Articles such as David Linthicum's help to highlight the pitfalls of not following a structured approach to RAD that cannot be done without good design and analysis. We have always said that with RAD you don't do anything different, you just do it in a different way. I look forward to reading his articles in the future. Keep up the good work.

Bob Longman
Origin UK Limited
rlongman@origin-at.co.uk

Backing Up Backups

Martin Rennhackkamp's column "Backup and Recovery" (DBMS, March 1997, page 73) was clear and concise. It has been my experience that Backup and Recovery becomes less than satisfactory, not because of the deficiency of the DBMS or utility tools but because of the lack of discipline either initially put into the Backup and Recovery Plan or more often in the ongoing monitoring and testing of the plan. Does this fit your experience?

Jim Cain
j_cain@earthlink.net

I can't agree with you more. I have found that the support section becomes slack in monitoring that the backups were correctly processed. Then, when you need the backups, they are close to useless.
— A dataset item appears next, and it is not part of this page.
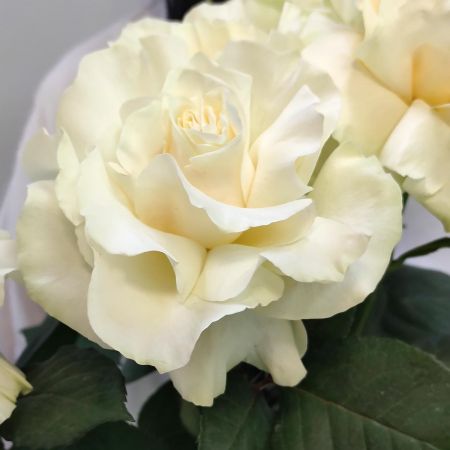 Белые французские розы в вазе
Also, when they have to apply the recovery part of the plan, the support people are clueless as to what to do. (The trained people have since moved on, and the new people haven't bothered to study and "practice" the recovery plan. OK, I'm exaggerating a bit to get my point across.) But that is why I tried to stress ongoing testing and "rehearsing" of the backup-and-recovery plan.
-- Martin Rennhackkamp

Microstrategy DSS Administrator Correction

Because of an editing mistake, an incorrect screen shot appeared in "March of the Data Marts" (DBMS, March 1997, page 58). A correct screen shot appears in this month's Soft Notes on page 44. We apologize for any misrepresentation.